## TASK PROMPT
Scan the records beneath this line for the line holding "Pfirsich-Oliv-Blatt-Hochzeit Einladung (Vorderseite)" and the line holding "Free Machine Embroidery", then transcribe exactly those two and all lines between.

## EXERCISE MATERIAL
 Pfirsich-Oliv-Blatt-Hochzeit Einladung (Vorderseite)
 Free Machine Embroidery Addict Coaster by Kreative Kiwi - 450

--

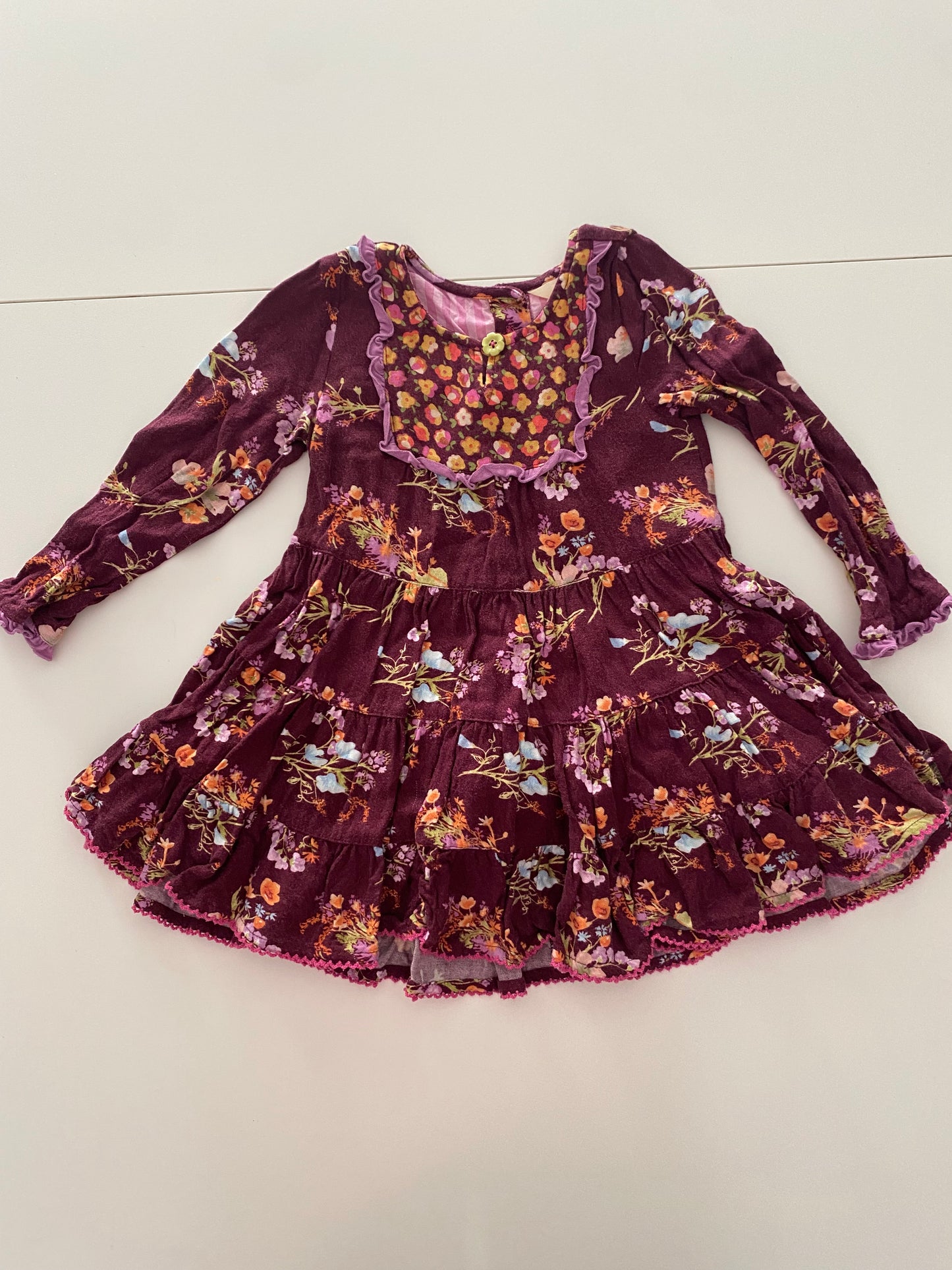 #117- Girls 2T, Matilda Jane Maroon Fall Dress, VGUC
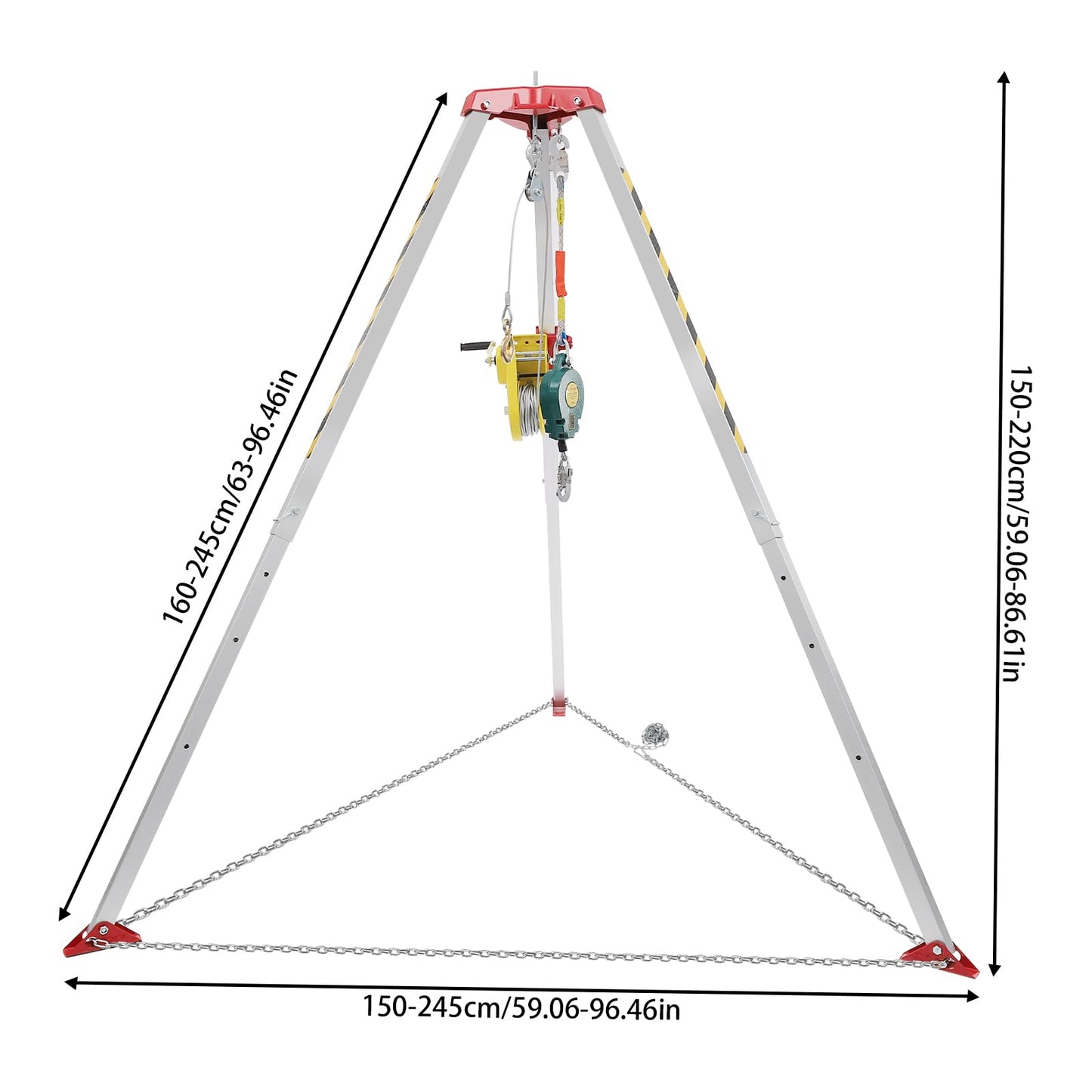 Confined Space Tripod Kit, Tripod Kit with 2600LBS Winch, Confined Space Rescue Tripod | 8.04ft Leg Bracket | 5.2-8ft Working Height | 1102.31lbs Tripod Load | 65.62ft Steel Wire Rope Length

## EXERCISE RESPONSE
 Pfirsich-Oliv-Blatt-Hochzeit Einladung (Vorderseite)
 Free Machine Embroidery Addict Coaster by Kreative Kiwi - 450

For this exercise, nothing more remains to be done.